No entanto, o CGRP não agiu sozinho, pois a equipa descobriu que a proteína nuclear IL-33, normalmente conhecida como um sinal de alarme libertado por células danificadas, desempenhou um papel surpreendente e significativo. Quando examinaram macrófagos, descobriram que a IL-33 não estava apenas sendo reduzida, mas agindo dentro do núcleo da célula.

“Até agora, as pessoas pensavam apenas que a IL-33 era uma proteína nuclear, mas não sabíamos exatamente o que ela fazia ali. Pensava-se mais que seu papel era como um fator secretado, seja como consequência da morte celular ou potencialmente de células imunológicas que o secretam diretamente”, diz Rossi. “Mas fizemos uma série de experiências para provar que, de facto, a IL-33 nos macrófagos controla a acessibilidade do ADN, essencialmente abrindo o material de embalagem compacto do ADN e permitindo a expressão de citocinas pró-inflamatórias como o TNF”.

Este ambiente pró-inflamatório é fundamental para formar uma barreira protetora que impede o parasita de avançar mais para dentro do corpo.

“É um processo de duas etapas”, diz Inclan-Rico. “Primeiro, os neurônios MrgprA3 liberam CGRP, que sinaliza para os macrófagos. Depois, a IL-33 retida nos núcleos dos macrófagos é bastante reduzida, o que aumenta a resposta inflamatória e ajuda a bloquear a entrada do parasita.”

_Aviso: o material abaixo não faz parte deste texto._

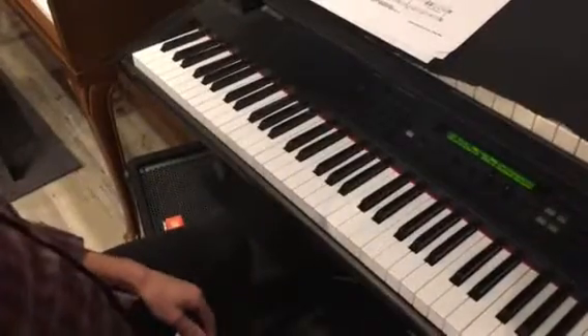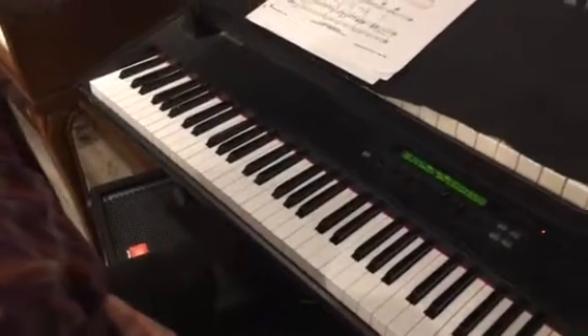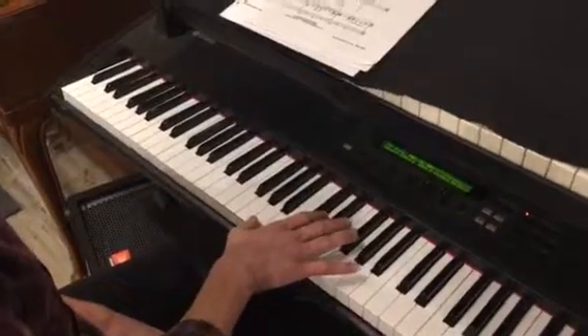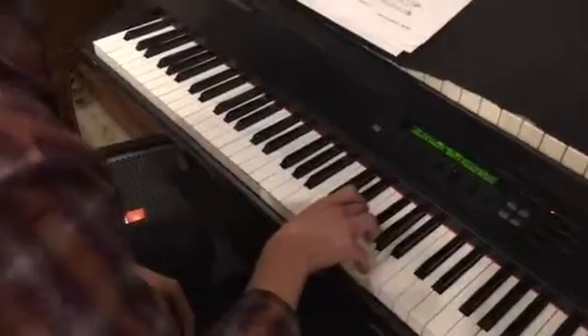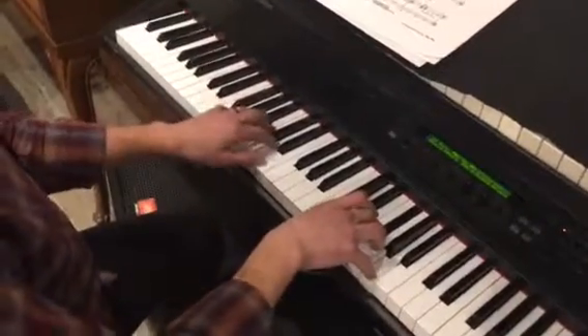Here are the last two measures of the first page for Sad Lisa. You have to make sure in this right hand that you use your fourth finger on the E. Let's put these hands together.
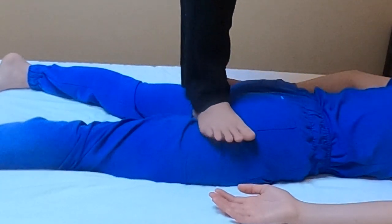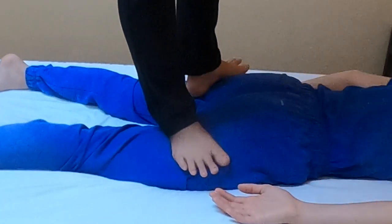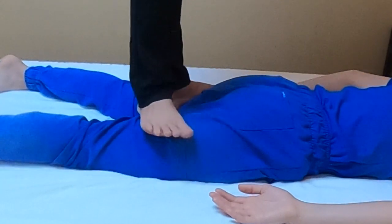The variety comes from different tools used for applying pressure: hands, elbows, knees and feet.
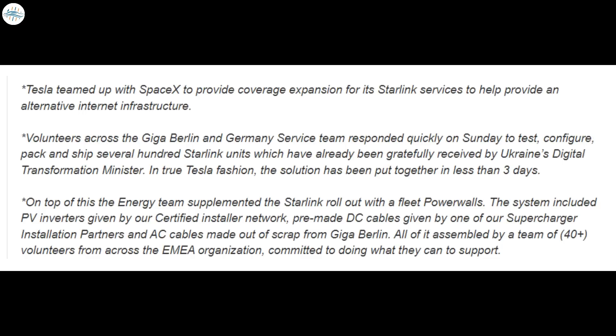In a previously published internal email, Tesla wrote: 'Tesla teamed up with SpaceX to provide coverage expansion for its Starlink services to help provide an alternative internet infrastructure. Volunteers across Giga Berlin and the Germany service team responded quickly on Sunday to test, configure, pack, and ship several hundred Starlink units, which have already been gratefully received by Ukraine's Digital Transformation Minister. In true Tesla fashion, the solution was put together in less than three days. On top of this, the energy team supplemented the Starlink rollout with a fleet of Powerwalls. The system included PV inverters from our certified installer network, pre-made DC cables from one of our Supercharger installation partners, and AC cables made from scrap from Giga Berlin — all assembled by a team of 40-plus volunteers from across the EMEA organization.'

Curiosamente, eles também descobriram que quando a IL-33 foi eliminada geneticamente dos macrófagos, a resposta protetora induzida pelos neurônios que coçavam foi perdida.

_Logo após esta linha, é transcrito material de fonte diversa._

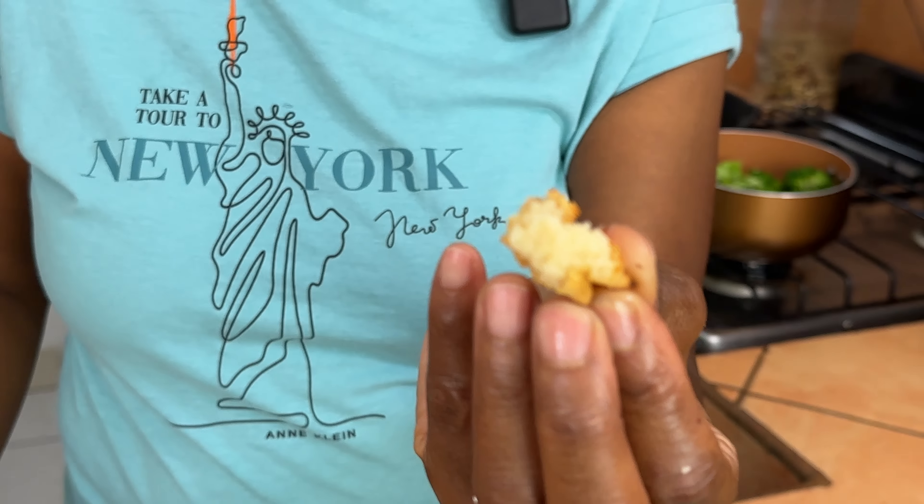And creamy on the inside. This is so good, and since they came out so delicious, I'm going to have it today for lunch in this delicious Buddha bowl.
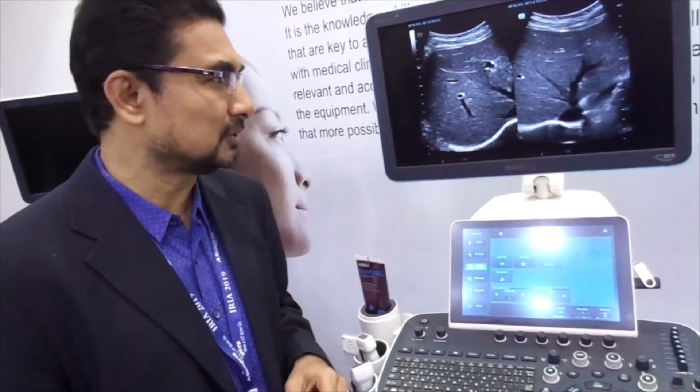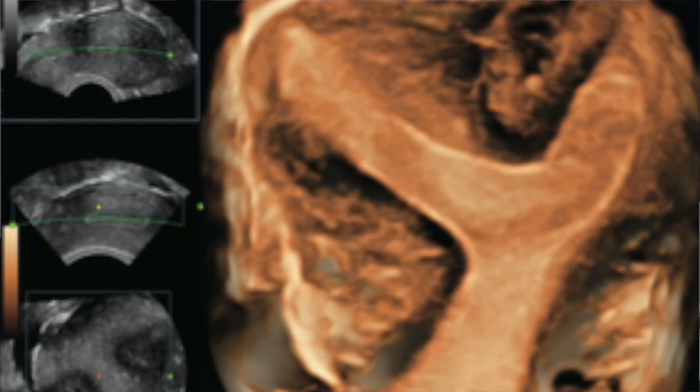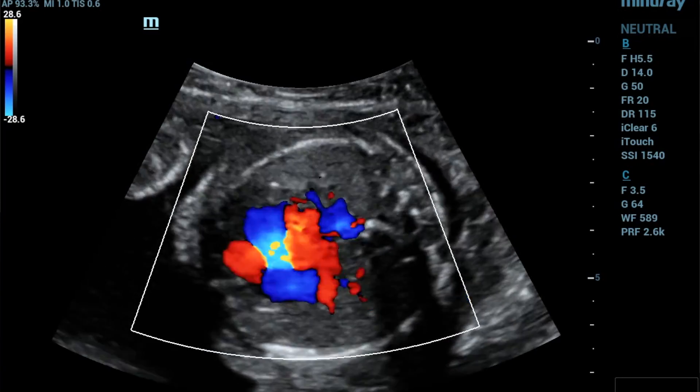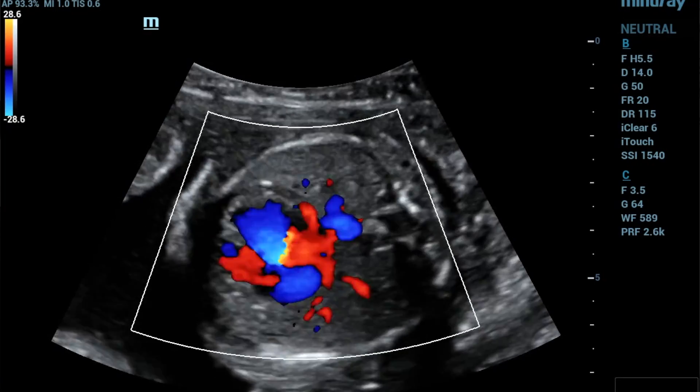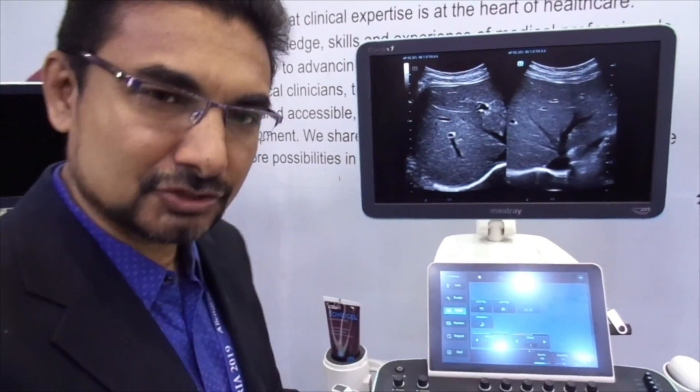The resolution is quite good. The Doppler is effortless — sometimes you actually get too much blood flow into the thyroid and things like that, but you can easily get the Doppler and adjustments are quite easy on it as well.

“Isso nos diz que os neurônios estão orquestrando toda essa defesa, mas eles precisam dos macrófagos – e especificamente da IL-33 nesses macrófagos – para montar uma resposta imunológica completa”, diz Herbert.

Olhando para o futuro, o laboratório Herbert planeja mergulhar mais fundo na compreensão dos mecanismos por trás dessa comunicação neurônio-imune.

“Estamos realmente interessados ​​em identificar as moléculas que os parasitas usam para suprimir os neurônios e se podemos aproveitar esse conhecimento para bloquear a entrada do parasita de forma mais eficaz”, diz Herbert. Eles também esperam identificar outras moléculas, além do CGRP e da IL-33, que estão envolvidas nesta via de sinalização.

“Se pudermos identificar os componentes exatos que os parasitas têm como alvo para escapar da resposta à coceira, poderemos desenvolver novas abordagens terapêuticas que não apenas tratem infecções parasitárias, mas potencialmente ofereçam alívio para outras condições relacionadas à coceira, como eczema ou psoríase”, diz Herbert.

De’Broski R. Herbert é professor presidencial de imunologia e professor de patobiologia na Escola de Medicina Veterinária da Universidade da Pensilvânia.

Juan Manuel Inclan-Rico é pesquisador de pós-doutorado no Herbert Lab da Penn Vet.

Heather L. Rossi é pesquisadora sênior no Herbert Lab da Penn Vet.

Outros pesquisadores são Ulrich M. Femoe, Annabel A. Ferguson, Bruce D. Freedman Li-Yin Hung, Xiaohong Liu, Fungai Musaigwa, Camila M. Napuri, Christopher F. Pastore e Adriana Stephenson da Penn Vet; Wenqin Luo e Qinxue Wu, da Perelman School of Medicine da Penn; Cailu Lin e Danielle R. Reed do Monell Chemical Senses Center; Petr Horák e Tomáš Machacek da Charles University, República Tcheca; e Ishmail Abdus-Saboor, da Universidade de Columbia.

A pesquisa foi apoiada pelos Institutos Nacionais de Saúde (concessões T32 AI007532-24, R01 AI164715-01, U01 AI163062-01, P30-AR069589 e R01 AI123173-05 e contrato HHSN272201700014I), Charles University (Cooperatio Biology, UNCE24/SCI /011, SVV 260687) e a Fundação Científica Tcheca (GA24-11031S).